Greek officials said offers of assistance were repeatedly rejected by those on board. “They categorically refused any help,” said Nikos Alexiou, a coast guard spokesman. He said a forced intervention of a vessel full of people could have led to its sinking.

The country’s minister for civil protection, Evangelos Tournas, said the vessel had been in international waters and Greece was unable to intervene when the crew refused help.

Alarm Phone and the coast guard both released their accounts of contact with the vessel ahead of the disaster, with the NGO’s account suggesting people on board the ship were making distress calls several hours before it sank.

The Greek coast guard said it was informed of the boat’s presence by Italian authorities on Tuesday morning. An aircraft from Frontex, the European border and coast guard agency, had detected the boat shortly before 10am local time.

On Tuesday afternoon, the Greek coast guard contacted someone on the boat who said those on board needed food and water but wanted to continue their journey to Italy.

However, Alarm Phone said it was contacted by people on the vessel seeking help shortly after 3pm that day. They said they “cannot survive the night”, Alarm Phone said.

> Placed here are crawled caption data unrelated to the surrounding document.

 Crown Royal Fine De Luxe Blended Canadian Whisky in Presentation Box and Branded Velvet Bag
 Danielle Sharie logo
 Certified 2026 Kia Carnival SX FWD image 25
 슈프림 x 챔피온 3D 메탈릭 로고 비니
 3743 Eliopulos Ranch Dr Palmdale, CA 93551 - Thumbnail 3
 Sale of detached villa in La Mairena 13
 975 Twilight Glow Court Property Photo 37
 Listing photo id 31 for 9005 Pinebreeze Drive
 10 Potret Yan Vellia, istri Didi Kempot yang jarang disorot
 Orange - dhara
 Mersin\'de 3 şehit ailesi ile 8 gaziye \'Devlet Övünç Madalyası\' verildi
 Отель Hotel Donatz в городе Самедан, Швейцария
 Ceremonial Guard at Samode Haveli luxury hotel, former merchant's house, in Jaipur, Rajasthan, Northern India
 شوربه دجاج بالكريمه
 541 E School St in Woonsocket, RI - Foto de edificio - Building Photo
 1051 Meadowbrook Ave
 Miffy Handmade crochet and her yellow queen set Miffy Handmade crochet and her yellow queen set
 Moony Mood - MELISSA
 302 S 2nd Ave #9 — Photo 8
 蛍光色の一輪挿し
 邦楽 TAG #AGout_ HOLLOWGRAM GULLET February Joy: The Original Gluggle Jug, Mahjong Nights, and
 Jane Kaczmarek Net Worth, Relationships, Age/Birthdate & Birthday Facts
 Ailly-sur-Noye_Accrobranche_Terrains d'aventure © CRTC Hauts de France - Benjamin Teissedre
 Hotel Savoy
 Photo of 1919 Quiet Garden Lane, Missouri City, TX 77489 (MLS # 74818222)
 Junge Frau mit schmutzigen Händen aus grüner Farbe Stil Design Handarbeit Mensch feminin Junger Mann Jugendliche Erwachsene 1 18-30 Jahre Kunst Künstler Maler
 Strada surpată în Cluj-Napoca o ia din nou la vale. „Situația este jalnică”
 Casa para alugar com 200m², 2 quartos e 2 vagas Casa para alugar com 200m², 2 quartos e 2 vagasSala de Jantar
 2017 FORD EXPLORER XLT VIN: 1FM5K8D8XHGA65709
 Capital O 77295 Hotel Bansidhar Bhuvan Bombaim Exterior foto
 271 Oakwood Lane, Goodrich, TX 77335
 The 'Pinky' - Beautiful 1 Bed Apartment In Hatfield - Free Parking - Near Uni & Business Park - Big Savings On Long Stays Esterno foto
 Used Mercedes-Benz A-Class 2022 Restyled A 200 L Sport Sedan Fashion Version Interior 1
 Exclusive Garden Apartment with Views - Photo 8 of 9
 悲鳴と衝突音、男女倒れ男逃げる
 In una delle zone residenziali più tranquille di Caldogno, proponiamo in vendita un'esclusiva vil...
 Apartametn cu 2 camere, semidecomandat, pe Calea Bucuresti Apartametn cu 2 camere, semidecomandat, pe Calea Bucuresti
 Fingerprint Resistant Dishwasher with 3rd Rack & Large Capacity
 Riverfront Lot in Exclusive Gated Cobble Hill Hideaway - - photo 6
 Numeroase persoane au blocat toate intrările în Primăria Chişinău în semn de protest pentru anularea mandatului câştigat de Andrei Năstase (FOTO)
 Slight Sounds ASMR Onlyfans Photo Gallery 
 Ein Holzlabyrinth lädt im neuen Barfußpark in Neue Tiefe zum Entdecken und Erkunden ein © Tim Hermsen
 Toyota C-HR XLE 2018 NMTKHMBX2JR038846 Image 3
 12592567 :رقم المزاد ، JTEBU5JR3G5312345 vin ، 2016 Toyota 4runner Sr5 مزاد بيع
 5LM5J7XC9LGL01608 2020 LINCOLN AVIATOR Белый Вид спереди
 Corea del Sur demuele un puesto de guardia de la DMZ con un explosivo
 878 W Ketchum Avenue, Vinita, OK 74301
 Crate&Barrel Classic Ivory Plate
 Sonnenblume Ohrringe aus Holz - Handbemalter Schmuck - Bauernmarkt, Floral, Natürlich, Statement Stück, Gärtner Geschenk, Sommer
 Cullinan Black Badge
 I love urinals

At 5.20pm, Alarm Phone contacted the fishing vessel, where people on board said that “the captain [had] left on a small boat”. The Greek coast guard ordered two container ships near the vessel to approach it. At 6pm one of them provided food and water to the boat.

At 10.40 on Tuesday evening, a Greek coast guard vessel approached the fishing boat and reported it was travelling at a stable speed and direction.

But at 1.40am on Wednesday, the coast guard vessel reported that the migrant boat had stopped moving, and at 2.04, the fishing vessel banked steeply to the left and then the right, resulting in its overturning.

The coast guard also dismissed media reports citing survivors who said a rope attached to the vessel by the coast guard had contributed to its sinking. It said the rope had been quickly untied by passengers.

A vast search-and-rescue operation recovered 78 bodies and 104 survivors, but more than 72 hours after the accident, hopes were fading for any more victims to be found alive.

Estimates of the number on board have varied from 400 to 700 people, with survivors estimating that more than 100 children and women were in the ship’s hold, making the accident one of the deadliest in the Mediterranean.

The rescued passengers, all males including eight minors, were from Afghanistan, Egypt, Pakistan, the Palestinian territories and Syria, the coastguard said.

Greek authorities arrested nine suspects, all Egyptian men, on Thursday on suspicion of people smuggling and organising the deadly voyage. The ship began its journey in Egypt and stopped in Tobruk, Libya, where it picked up the migrants heading to Italy.